_WORK TO COMPLETE_. In the entries below, find the line with "Tree Trimming Insurance" and the line with "Gamakatsu Hook LS-4123F (BLACK)"; give again those lines and every line between them, exactly.
%%
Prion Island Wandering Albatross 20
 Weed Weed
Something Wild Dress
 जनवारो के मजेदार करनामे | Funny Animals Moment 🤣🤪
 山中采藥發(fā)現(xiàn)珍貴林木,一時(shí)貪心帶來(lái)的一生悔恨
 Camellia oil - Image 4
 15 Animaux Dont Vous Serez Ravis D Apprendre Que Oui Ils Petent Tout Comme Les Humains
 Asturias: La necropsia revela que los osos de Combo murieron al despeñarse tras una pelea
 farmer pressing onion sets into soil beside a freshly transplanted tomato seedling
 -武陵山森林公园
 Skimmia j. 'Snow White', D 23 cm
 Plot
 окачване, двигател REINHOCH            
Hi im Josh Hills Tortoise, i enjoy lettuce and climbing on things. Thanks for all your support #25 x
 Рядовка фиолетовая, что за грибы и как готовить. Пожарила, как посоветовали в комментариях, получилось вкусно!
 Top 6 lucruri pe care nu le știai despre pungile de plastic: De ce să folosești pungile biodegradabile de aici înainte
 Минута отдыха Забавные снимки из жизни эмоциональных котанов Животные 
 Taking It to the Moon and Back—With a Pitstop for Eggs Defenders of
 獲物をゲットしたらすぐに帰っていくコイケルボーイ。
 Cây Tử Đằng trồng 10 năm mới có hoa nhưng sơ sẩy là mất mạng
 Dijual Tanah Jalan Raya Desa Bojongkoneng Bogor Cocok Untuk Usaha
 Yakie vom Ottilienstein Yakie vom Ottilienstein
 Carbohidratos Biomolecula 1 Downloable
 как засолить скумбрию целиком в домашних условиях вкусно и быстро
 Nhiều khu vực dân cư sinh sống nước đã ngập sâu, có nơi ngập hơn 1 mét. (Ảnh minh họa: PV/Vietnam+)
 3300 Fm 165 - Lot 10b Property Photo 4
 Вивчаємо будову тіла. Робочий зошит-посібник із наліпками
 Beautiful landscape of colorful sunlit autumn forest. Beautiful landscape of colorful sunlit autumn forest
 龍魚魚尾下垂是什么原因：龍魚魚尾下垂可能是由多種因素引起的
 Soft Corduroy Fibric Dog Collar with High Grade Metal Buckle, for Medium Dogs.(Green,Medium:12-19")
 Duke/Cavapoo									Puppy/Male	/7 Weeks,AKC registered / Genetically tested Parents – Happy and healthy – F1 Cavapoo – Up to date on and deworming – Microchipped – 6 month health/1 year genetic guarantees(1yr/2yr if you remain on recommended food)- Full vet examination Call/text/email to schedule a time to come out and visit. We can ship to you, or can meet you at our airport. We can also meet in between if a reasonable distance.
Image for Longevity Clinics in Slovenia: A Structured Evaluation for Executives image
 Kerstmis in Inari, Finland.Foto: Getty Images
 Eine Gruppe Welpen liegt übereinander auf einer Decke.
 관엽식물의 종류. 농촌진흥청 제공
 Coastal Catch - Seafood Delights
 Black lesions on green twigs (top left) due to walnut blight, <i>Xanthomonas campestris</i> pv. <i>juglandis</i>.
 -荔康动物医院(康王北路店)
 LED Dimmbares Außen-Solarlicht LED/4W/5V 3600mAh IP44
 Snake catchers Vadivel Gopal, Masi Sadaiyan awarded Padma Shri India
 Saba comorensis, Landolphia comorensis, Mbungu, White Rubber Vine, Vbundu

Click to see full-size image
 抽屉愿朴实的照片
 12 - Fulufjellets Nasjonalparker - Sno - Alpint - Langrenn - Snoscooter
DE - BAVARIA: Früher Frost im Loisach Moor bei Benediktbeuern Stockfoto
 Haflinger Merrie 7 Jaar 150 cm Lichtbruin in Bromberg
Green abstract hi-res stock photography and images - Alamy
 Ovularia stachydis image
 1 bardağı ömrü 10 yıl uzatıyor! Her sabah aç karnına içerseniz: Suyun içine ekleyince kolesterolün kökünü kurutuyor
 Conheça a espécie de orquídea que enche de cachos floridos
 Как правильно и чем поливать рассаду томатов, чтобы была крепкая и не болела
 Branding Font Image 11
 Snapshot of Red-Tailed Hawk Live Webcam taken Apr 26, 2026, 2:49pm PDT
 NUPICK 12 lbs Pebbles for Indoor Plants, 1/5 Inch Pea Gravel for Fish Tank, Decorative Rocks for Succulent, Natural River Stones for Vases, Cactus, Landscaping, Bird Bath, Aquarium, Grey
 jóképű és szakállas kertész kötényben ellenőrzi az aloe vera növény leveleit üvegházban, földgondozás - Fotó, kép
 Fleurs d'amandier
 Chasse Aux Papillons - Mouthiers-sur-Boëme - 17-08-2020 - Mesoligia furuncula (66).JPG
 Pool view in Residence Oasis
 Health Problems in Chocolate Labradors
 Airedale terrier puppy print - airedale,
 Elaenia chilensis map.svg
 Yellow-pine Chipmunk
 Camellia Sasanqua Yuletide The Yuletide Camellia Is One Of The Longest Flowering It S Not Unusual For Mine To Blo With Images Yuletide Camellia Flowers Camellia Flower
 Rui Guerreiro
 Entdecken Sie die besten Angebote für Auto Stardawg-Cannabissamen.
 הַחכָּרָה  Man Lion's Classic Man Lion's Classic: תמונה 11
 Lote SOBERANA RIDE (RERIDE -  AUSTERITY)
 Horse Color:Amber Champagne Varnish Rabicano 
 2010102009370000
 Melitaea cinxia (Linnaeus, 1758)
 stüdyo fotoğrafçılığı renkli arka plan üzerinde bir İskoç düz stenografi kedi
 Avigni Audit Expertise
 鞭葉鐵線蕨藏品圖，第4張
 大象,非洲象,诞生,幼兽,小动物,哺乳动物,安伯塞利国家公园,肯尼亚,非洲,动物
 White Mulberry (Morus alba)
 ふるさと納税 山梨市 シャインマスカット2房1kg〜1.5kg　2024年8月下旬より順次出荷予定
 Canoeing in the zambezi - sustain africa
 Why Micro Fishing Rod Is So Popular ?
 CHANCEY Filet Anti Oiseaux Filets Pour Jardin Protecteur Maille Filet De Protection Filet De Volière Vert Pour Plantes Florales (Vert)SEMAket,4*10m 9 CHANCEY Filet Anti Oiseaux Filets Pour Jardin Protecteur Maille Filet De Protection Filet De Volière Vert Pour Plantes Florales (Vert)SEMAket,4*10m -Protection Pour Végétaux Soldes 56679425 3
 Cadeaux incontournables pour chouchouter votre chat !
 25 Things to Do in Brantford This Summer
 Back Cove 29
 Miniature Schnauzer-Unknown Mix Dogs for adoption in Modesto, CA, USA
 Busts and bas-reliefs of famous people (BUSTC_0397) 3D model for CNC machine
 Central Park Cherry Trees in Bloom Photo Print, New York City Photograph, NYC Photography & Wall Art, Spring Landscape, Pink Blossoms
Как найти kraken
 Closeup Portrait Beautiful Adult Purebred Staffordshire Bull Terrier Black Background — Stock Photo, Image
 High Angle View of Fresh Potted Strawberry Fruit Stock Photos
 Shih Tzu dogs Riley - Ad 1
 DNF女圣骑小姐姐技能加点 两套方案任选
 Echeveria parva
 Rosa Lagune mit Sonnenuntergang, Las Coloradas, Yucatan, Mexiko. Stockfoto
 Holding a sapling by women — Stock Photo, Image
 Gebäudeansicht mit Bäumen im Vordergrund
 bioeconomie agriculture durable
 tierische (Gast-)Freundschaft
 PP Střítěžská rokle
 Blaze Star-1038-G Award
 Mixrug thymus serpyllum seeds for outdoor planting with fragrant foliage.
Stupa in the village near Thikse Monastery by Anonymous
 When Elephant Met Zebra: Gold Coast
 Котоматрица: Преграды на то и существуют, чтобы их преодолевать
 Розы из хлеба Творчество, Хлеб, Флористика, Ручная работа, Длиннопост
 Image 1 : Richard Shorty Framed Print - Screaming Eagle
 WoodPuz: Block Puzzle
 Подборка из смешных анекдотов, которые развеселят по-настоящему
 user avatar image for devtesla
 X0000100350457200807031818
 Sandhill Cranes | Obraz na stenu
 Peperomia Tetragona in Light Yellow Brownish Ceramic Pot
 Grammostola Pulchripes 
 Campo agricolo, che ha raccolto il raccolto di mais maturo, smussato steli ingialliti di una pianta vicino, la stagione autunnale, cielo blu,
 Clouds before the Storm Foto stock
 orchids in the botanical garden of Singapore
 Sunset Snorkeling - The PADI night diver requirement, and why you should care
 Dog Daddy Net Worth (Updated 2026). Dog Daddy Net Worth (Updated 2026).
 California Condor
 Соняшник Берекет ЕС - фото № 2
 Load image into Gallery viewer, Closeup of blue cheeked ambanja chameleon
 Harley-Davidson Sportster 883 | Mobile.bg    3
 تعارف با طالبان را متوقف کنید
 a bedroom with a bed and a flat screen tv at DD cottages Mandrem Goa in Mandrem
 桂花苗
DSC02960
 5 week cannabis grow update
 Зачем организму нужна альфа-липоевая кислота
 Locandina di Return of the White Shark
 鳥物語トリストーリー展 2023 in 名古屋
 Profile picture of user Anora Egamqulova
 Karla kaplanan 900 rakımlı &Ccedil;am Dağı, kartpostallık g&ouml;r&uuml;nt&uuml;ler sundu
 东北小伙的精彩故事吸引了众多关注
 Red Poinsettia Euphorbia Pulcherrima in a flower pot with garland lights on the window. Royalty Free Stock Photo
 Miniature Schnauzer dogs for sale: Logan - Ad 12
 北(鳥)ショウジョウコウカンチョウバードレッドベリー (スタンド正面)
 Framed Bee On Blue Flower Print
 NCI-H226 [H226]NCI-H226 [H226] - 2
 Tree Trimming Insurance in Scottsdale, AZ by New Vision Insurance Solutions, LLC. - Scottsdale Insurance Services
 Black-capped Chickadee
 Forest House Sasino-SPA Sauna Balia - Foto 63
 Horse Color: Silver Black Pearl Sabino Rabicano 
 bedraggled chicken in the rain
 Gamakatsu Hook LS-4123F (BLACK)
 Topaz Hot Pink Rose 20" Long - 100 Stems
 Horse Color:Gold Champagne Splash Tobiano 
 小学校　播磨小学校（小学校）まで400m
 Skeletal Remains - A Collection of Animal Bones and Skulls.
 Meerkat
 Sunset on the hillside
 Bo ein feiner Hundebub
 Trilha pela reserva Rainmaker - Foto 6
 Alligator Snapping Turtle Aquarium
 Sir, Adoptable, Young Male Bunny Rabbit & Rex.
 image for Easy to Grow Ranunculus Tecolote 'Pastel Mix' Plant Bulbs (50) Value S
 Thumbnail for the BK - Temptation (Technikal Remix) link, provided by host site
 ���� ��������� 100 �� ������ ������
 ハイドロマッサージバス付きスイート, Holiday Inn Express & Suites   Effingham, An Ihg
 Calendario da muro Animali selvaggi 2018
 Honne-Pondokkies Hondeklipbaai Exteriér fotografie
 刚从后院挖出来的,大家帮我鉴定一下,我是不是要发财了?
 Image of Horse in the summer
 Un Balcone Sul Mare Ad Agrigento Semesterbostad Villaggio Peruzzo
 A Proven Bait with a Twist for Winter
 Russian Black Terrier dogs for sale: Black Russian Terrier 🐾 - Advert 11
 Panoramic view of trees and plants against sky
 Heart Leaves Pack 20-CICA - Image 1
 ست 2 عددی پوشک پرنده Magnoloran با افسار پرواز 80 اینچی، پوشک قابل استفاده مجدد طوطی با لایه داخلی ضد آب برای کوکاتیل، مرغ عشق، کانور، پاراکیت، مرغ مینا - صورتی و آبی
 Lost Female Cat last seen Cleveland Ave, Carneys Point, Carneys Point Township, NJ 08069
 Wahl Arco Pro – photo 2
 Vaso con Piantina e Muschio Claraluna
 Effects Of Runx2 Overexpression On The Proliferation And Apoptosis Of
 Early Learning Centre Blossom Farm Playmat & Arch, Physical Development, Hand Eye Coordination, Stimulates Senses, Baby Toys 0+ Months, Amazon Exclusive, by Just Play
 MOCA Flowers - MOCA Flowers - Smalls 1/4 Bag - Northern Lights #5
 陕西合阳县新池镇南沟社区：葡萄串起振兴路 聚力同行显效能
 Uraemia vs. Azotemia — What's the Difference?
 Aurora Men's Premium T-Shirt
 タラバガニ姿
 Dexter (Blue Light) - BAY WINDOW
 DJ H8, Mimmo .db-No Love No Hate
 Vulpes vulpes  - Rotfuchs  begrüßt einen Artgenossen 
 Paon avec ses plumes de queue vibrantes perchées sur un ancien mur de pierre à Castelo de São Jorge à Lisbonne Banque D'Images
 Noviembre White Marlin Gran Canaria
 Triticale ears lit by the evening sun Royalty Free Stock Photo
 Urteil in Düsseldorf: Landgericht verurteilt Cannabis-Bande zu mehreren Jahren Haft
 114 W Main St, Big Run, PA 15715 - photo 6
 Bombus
%%
_EXERCISE SOLUTION_.
 Tree Trimming Insurance in Scottsdale, AZ by New Vision Insurance Solutions, LLC. - Scottsdale Insurance Services
 Black-capped Chickadee
 Forest House Sasino-SPA Sauna Balia - Foto 63
 Horse Color: Silver Black Pearl Sabino Rabicano 
 bedraggled chicken in the rain
 Gamakatsu Hook LS-4123F (BLACK)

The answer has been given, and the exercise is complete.